**Recorded information:**
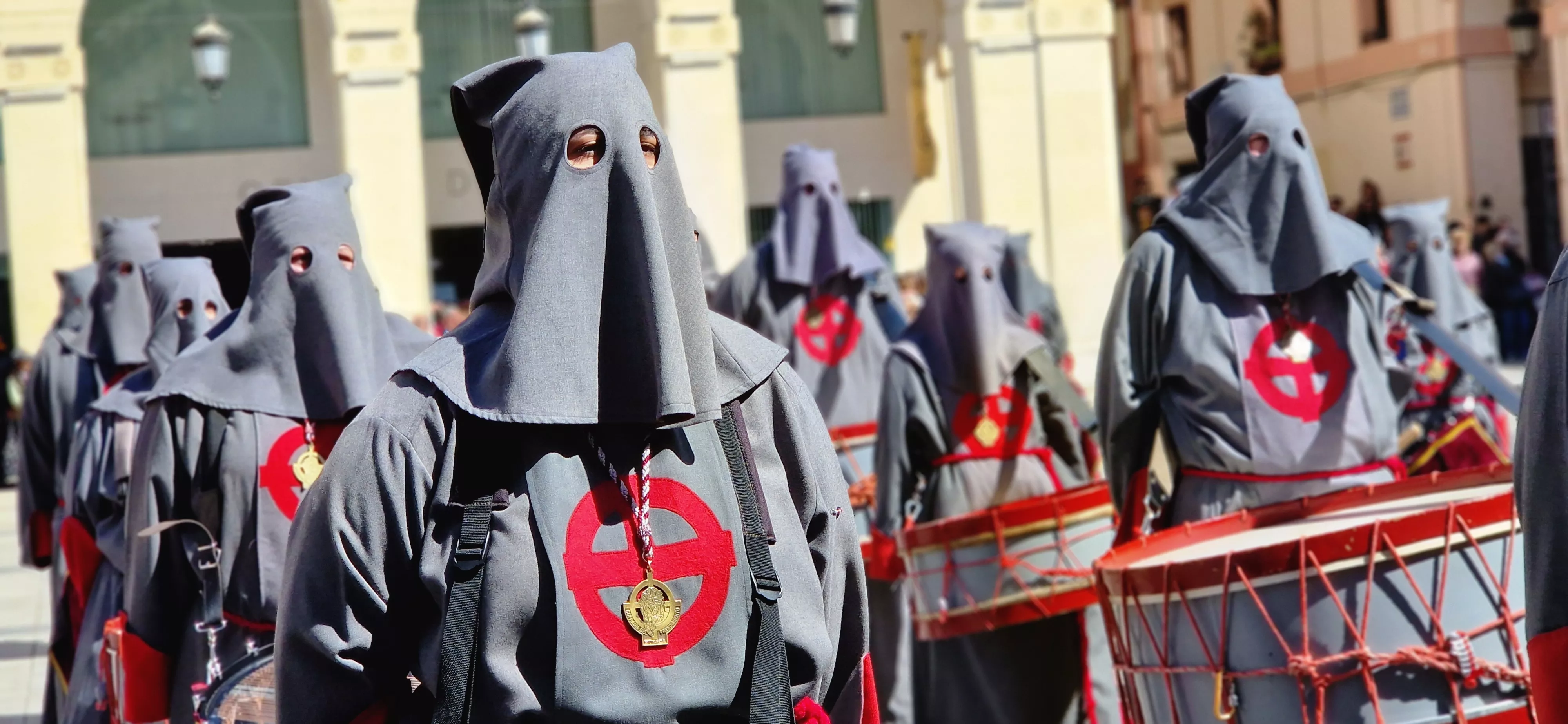 Concentración de Bandas de Tambores y Cornetas. Foto Myriam Martínez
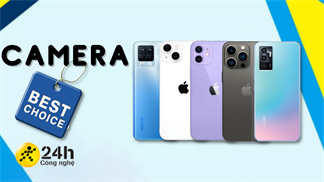 TOP 5 điện thoại camera đỉnh nhất chương trình khuyến mãi đầu năm, rất đáng để bạn đầu tư cho công cuộc sống ảo dịp Tết này
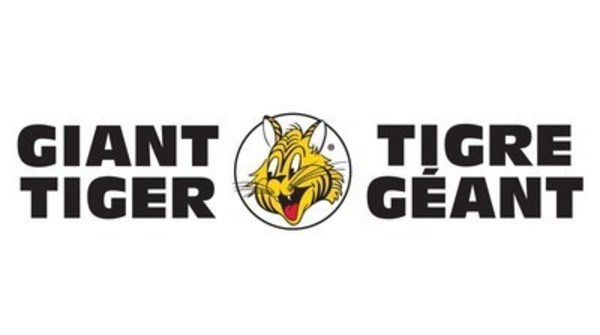 Giant Tiger Logo Spoof Luxo Lamp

**Problem to work on:**
Everything from the line with "TOP 5 điện thoại" through the final line of the material is to be returned exactly, both ends included, apart from the pictures.

**Output below:**
 TOP 5 điện thoại camera đỉnh nhất chương trình khuyến mãi đầu năm, rất đáng để bạn đầu tư cho công cuộc sống ảo dịp Tết này
 Giant Tiger Logo Spoof Luxo Lamp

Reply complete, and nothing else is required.